Enquanto a ocupação de espaços de liderança no setor público ainda não reflete a heterogeneidade da população brasileira, é essencial que as mulheres que já ocupam instâncias decisórias, procurem acessar o universo das outras mulheres ao seu redor, a partir do lugar de fala de cada uma delas.

Na posição de liderança feminina, é preciso investir energia para que mais mulheres possam se sentir confortáveis em assumir o topo de suas carreiras e participar de instâncias decisórias, de modo que pautas imprescindíveis saiam da invisibilidade e soluções mais realistas sejam propostas aos inúmeros problemas complexos presentes em nosso país. Contudo, o primeiro passo para se fazer isso consiste em parar de universalizar a categoria mulher, reconhecendo que nós experimentamos o gênero de formas distintas.

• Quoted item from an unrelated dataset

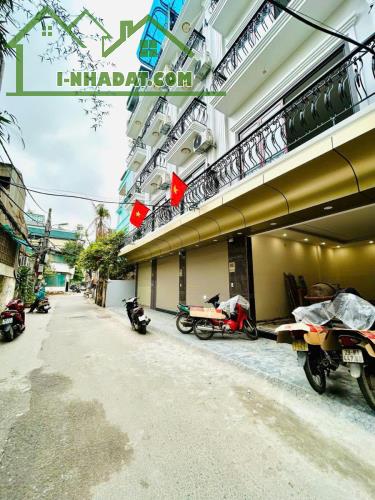 BÁN NHÀ CHIA LÔ CẦU DIỄN 37M2X5T, THANG MÁY, Ô TÔ,Ở NGAY, TẶNG FULL ĐỒ, 8.5 TỶ - 2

Esse não é um processo fácil, pois questiona o status quo e gera bastante desconforto. Mas também, ao longo dele, é possível perceber algo incrível: a potência de uma mulher quando ela se conecta ao seu poder pessoal e decide simplesmente ser ela mesma. A partir de então, elas naturalmente sentem a necessidade e a importância de auxiliar demais mulheres, no trabalho, no âmbito familiar, em suas comunidades, e, consequentemente, expande a presença de novas formas de pensar dentro do heterogêneo universo feminino.

 
Camila Penido Gomes é graduada em administração pública pela Fundação João Pinheiro e pós-graduada em gestão de projetos pela Fundação Dom Cabral. Em 2018, concluiu o Master em Liderança Pública pelo Centro de Liderança Pública e, desde então, escreve para o Blog do MLG no Estadão.
Ela atua no serviço público há 10 anos e é líder da Rede República. Atualmente pertence à carreira da Agência Nacional do Petróleo (ANP), onde é Coordenadora de Armazenamento e Segurança dos Dados Técnicos.